*Your task:* Copy each entry precisely as written, and do not carry over the pictures.
------ Available records
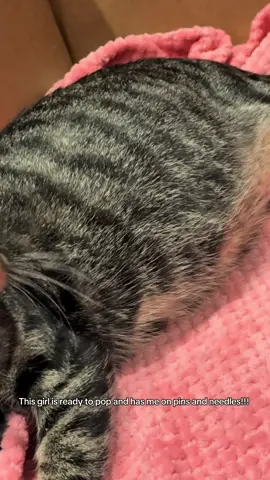 I stayed up so late worried I was going to miss the birth. Turned the camera on with volume up and she’s still pregnant! I am on pins and needles!! 😫😫 I am a small, family run rescue. We've saved over 700 kitties in the last 6 years. My life is dedicated to make theirs better! Your likes and shares are so appreciated as it helps us keep saving more! Thank you!🥰 Follow along on INSTAGRAM for more daily cuteness at fosterkittenmama. #cats  #pregnant #cat  #catsoftiktok  #fosteringsaveslives                                         foster          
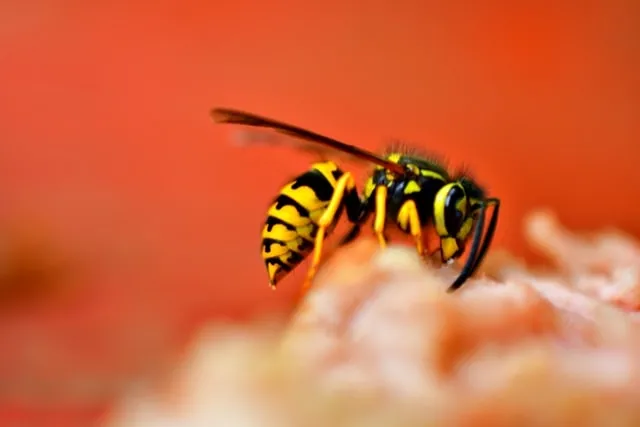 Yellojacket Photo by Dan Kb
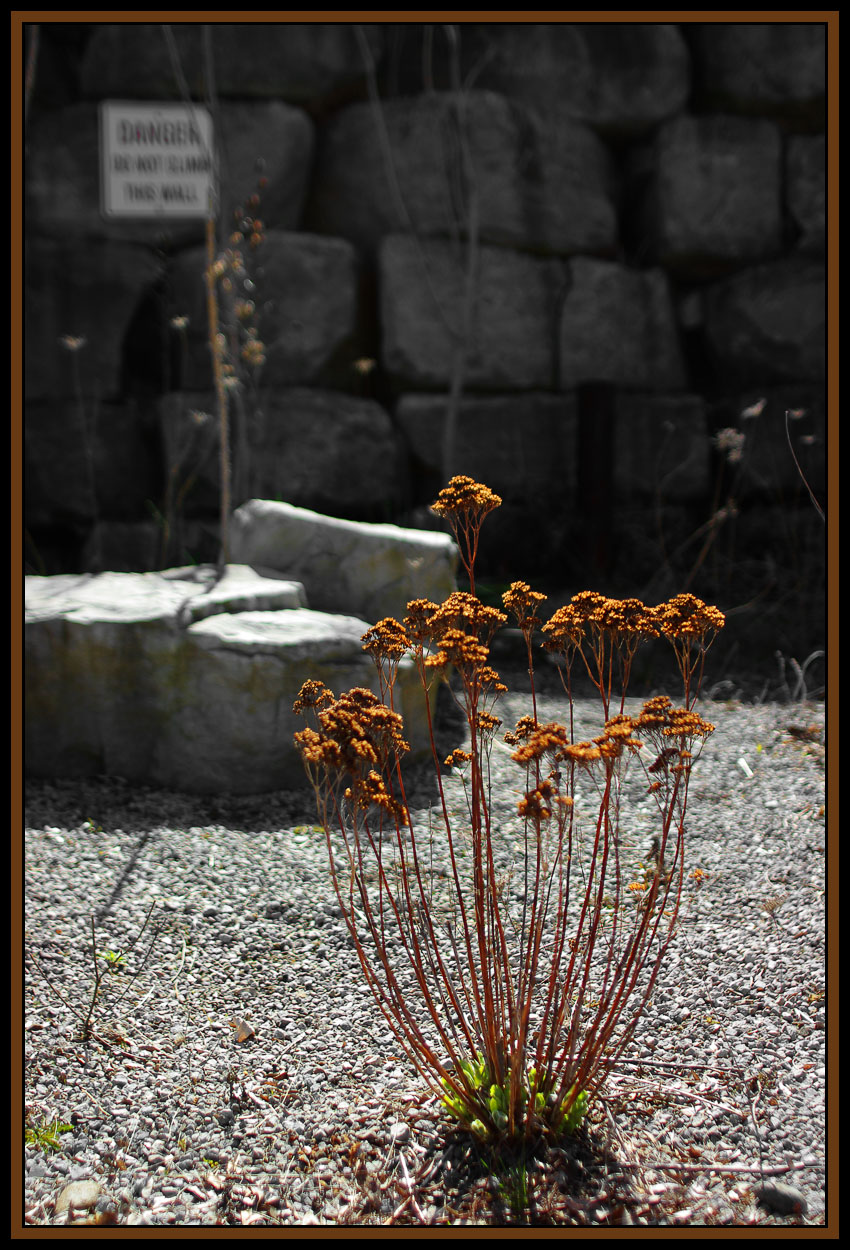 IMGP41367a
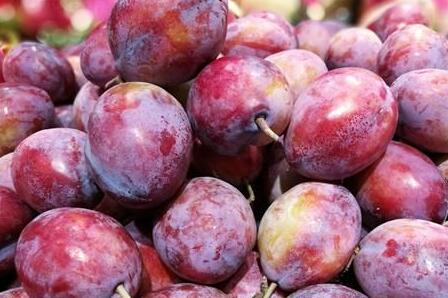 智利西梅的功效与作用，智利西梅图片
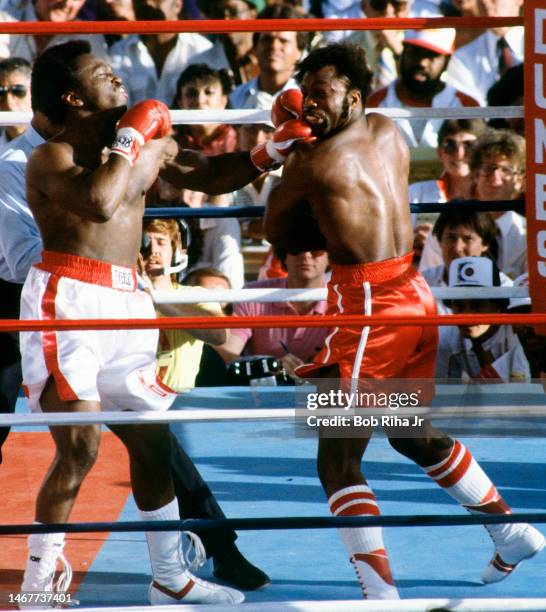 310 Michael Dokes Photos & High Res Pictures Getty Images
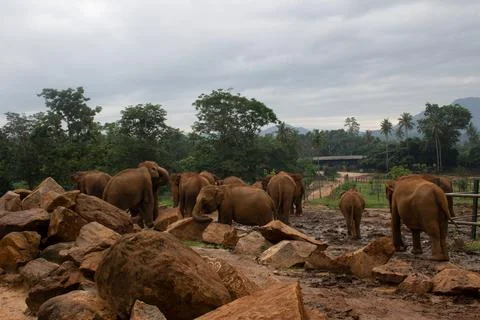 Elephant Reserve Stock Photos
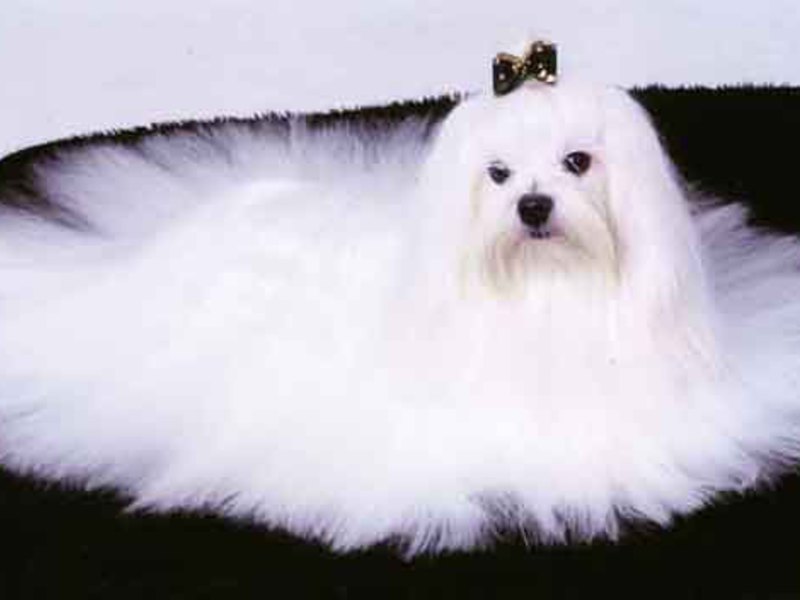 בלון מסורק תספורת בלון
------------
*Response area:*
 I stayed up so late worried I was going to miss the birth. Turned the camera on with volume up and she’s still pregnant! I am on pins and needles!! 😫😫 I am a small, family run rescue. We've saved over 700 kitties in the last 6 years. My life is dedicated to make theirs better! Your likes and shares are so appreciated as it helps us keep saving more! Thank you!🥰 Follow along on INSTAGRAM for more daily cuteness at fosterkittenmama. #cats  #pregnant #cat  #catsoftiktok  #fosteringsaveslives                                         foster          
 Yellojacket Photo by Dan Kb
 IMGP41367a
 智利西梅的功效与作用，智利西梅图片
 310 Michael Dokes Photos & High Res Pictures Getty Images
 Elephant Reserve Stock Photos
 בלון מסורק תספורת בלון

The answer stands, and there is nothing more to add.